7 Sep 2009
I would like to draw your attention to a post written by Blair Currie the CEO of Aegis Media in Japan at http://tinyurl.com/lljhdg . In it he talks about his ten predictions for 2010. But what caught my eye were two points in particular:
Disruption will be the norm. With an abundance of choice, products and services need to be even more extraordinary to stand out and succeed. More attention and reward will be given to those who can find greatness within or outside market norms. The need to be more inventive will make creative destruction the norm rather than the exception. Consequently, effective change agents will be in increasing demand.
Brands will grow up. People will expect brands to do more than simply satisfy their basic needs. Brands will need to appeal higher up Maslov’s Hierarchy of Needs. As a result, brands will take on different roles in society supporting an increasing range and depth of CSR programs.

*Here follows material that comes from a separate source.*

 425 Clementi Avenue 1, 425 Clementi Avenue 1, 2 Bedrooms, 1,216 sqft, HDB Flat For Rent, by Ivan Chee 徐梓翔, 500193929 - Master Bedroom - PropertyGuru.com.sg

Both of these have serious implications for thought leadership and how a) one differentiates ones brand and b) the need to position it in such a way that at every level – consumer, government and employees - the company is seen to be striving to deliver to their audiences something of value beyond what they sell and something which aligns with the values and aspirations of society.
It’s what I call the social license to operate which is quite distinct from the regulatory license to operate. Social license to operate signifies going beyond what is required by law. It challenges companies to always go one step further, the extra mile.

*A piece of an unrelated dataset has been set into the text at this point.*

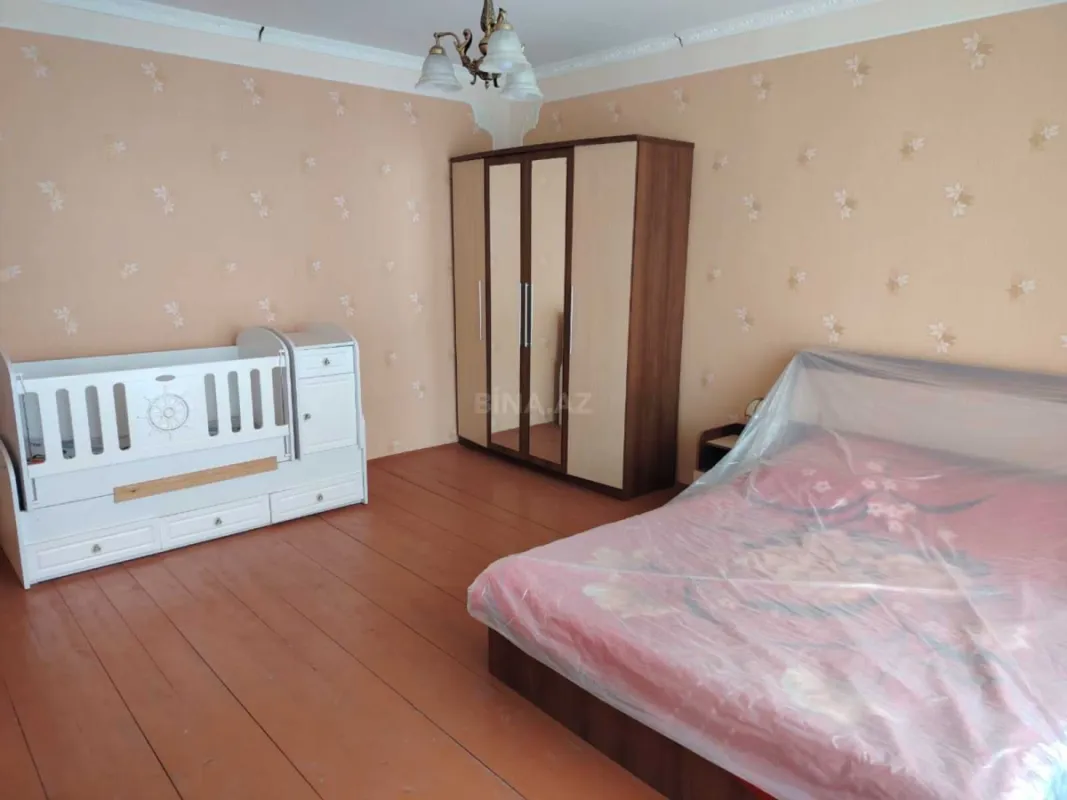 Satılır 6 otaqlı həyət evi 300 m²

Why? Because that is what society has come to expect and that is what consumers are starting to demand of their suppliers of goods and services.
The other reason is that if a crisis hits the company has some sort of responsible brand shield which can, depending on the crisis, to some degree either buy them time or soften the consumer/societal backlash.
What does this all have to do with thought leadership?
Precisely the point that great thought leadership ideas are vested in the values of the company which should these days be inextricably linked to the good of greater society, employees and the community in which the company operates. We’ve all heard the expression ‘No man is an island’. Well no company is an island either.
By understanding the needs, fears and desires of the society in which you operate and specifically those same issues with your direct target audience, you/the company are in a far better position to delivering a thought leadership campaign which hits the mark.
If you’ve seen or had experience of this, please share it with me.